The mobile and tablet market can be a money maker for some and a deal breaker for others. For Freescale, it seems to be the latter, with the firm choosing to discontinue its high end i.MX 7 mobile processor line, in favor of lower powered chips aimed more at the internet of things.
Rumors have been swirling for weeks that Freescale would be scaling back on its i.MX roadmap, though the firm itself vehemently denies planning to get rid of the product line entirely.
Communications Manager for Freescale Rob Hatley said the confusion may have resulted from the fact that Freescale recently announced several changes after an “extensive, strategic review of the business,” but said the firm continued to support the i.MX line and see “strong acceptance for this portfolio.”

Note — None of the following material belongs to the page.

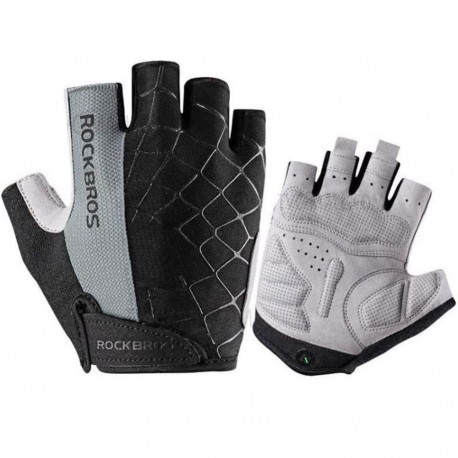 Rockbros Rockbros S109GR cycling gloves, size S - gray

Hatley said Freescale was simply sharpening its focus, but admitted that “unfortunately, there are some employees who will be affected by these changes.”
Freescale itself is not disclosing the specific numbers of layoffs, but a recent report in Israel’s Globes business news said the firm’s local division was laying off “100-200 of its 500 employees.”

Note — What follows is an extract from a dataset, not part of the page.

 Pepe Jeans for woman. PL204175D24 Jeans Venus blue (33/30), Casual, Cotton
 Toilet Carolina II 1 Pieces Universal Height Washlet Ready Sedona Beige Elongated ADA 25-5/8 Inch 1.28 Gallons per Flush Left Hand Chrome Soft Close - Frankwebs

Globes said those layoffs were centered around two departments - the DSP department and the multimedia chip department (which includes i.MX 7). Sources have also claimed AMD has hired the team Freescale let go in Israel to take a run at the high end SoC app processor market, though those rumors have yet to be confirmed.
Freescale’s strategy shift does make sense. In an industry already over served with strong ARM processors, there is precious little market to go around for more than just the top players.

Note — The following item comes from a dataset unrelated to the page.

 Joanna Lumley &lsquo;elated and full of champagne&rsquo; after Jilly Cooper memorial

Even Texas Instruments recently admitted this by realigning its OMAP strategy, in similar fashion to Freescale.
Development costs for the high end chips run into the tens of millions of dollars for players serving the high end market, which has led to a situation where only around four top players can compete and justify the cost,
Nvidia, Qualcomm, Samsung and Apple have managed to carve out the most lucrative niche of the high powered mobile processing market, leaving smaller players to fight over the scraps.
Freescale also continues to be massively burdened by debt, much of it incurred from the high R&D costs it has needed to try to keep pace.
The firm’s new strategy seems to be a more viable one, honing in on the higher volume, lower price chip market for the Internet of Things.
“Freescale’s i.MX 6 product line has been extremely strong, with a broad array of design wins secured with leading manufacturers across a range of application spaces,” Hatley said.
In short, sometimes you have to amputate a finger to save the hand.
Mobile. It’s a great market to be in if you’re a winner, a terrible market to be in if you’re not.